The big four operators in the US have shown that they can actually get along by creating the Mobile Authentication Taskforce, with the objective of creating a mobile authentication solution for enterprises and customers in 2018.

They might spend the majority of the year bickering and arguing but the new Mobile Authentication Taskforce will ensure at least the security guys in the R&D departments will get on. AT&T, Sprint, T-Mobile and Verizon will be joining forces to make sure customers are more secure in the face of more creative hackers and a seemingly endless tirade of security breaches.

We’re wondering who came up with the name, and have decided there are two possible explanations. Either it is an ironically named group by someone who just fancied a bit of fun, or someone in the taskforce wronged the ideas man. In any case, the merry band of super-wannabees have an important task at hand.

“At a time when online and digital services are commonplace, security and authentication are issues that affect us all,” said Alex Sinclair, chief technology officer, GSMA.

“Through strong collaboration, the taskforce announced today has the potential to create impactful benefits for U.S. customers by helping to decrease fraud and identity theft, and increase trust in online transactions. Further, we will be working closely with the taskforce to ensure this solution is aligned and interoperable with solutions deployed by operators.”

The approach here is less technological and more analytical. Using capabilities such as network-based device authentication, geo-location and SIM card recognition, the aim is to create a solution which will analyse data and activity patterns on a mobile network to predict, with a high degree of certainty, whether the user is who they say they are. It’s the type of idea which will accompany features such as biometric authentication, picking up anomalies should someone be able to navigate around initial defences.

While this type of story encourages a bit of confidence in the operators ability to keep our online lives safe, the story is a bit different in Europe.

New research from Mobileum has highlighted more than a quarter of European operators have experienced increased levels of fraud since mobile roaming charges were abolished throughout the European Union. Since the introduction of EU Regulation IV, 87% of respondents have seen increased data traffic across the network, while 71% of operators highlighted an increase in voice traffic. The increase in traffic might be opening the door for fraud.

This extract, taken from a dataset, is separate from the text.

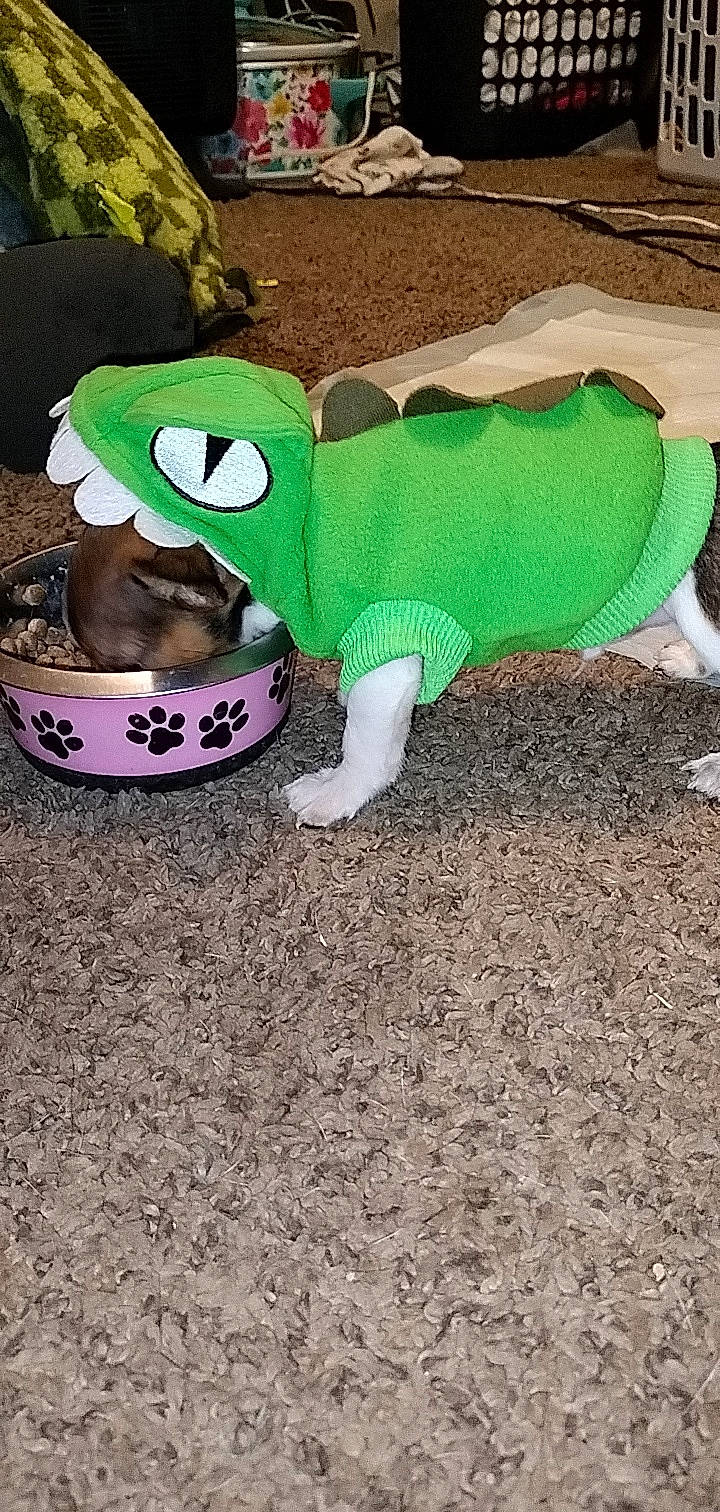 Ezra joined the competition — help win amazing prizes! baseball_cap, cap, eyewear, fashion_accessory, fawn, fedora, fur, grass, hat, headgear, lawn_ornament, mammal, plush, stuffed_toy, sun_hat, tail, terrestrial_animal, textile, toy, vertebrate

“It is still very early stages, but our research highlights that investigations into fraud and abuse in the context of the new regulations are not being flagged,” said Tim Moran, Senior Vice President of Product and Offering at Mobileum. “The generous fair usage policy means it is becoming far more difficult to watch for fraud and abuse.

“We expect fraudsters to be monitoring what loopholes have appeared and how they can be exploited. Given the arbitrage between wholesale interconnect rates for international calls terminating to EU vs. low retail tariffs for regulated calls in some EU markets, we may very well surge in frauds related to CLI filing and international SIM Boxes.”

The challenge here might be down to the IT systems. The existing IT systems might not be coping well with changes required for EU Reg IV, as while operators may have implemented fair usage policy for open data bundles, they are finding detection and action on permanent roamers to be really complex in nature. It also perhaps indicates the operators are not willing to play with each other in the same was the big four are over in the states.